= Beginning of Section =

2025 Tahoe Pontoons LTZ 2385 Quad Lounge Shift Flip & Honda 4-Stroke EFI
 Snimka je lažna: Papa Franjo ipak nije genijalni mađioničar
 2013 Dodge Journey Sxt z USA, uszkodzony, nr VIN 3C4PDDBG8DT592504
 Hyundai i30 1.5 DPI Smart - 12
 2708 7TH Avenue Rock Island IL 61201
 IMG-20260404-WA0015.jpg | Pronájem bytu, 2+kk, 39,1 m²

= End of Section =

YOUR OBJECTIVE >>
Only the lines from the one with "Hyundai i30 1.5 DPI Smart - 12" through the last line of the records belong in the answer, each copied exactly.

RESULT >>
 Hyundai i30 1.5 DPI Smart - 12
 2708 7TH Avenue Rock Island IL 61201
 IMG-20260404-WA0015.jpg | Pronájem bytu, 2+kk, 39,1 m²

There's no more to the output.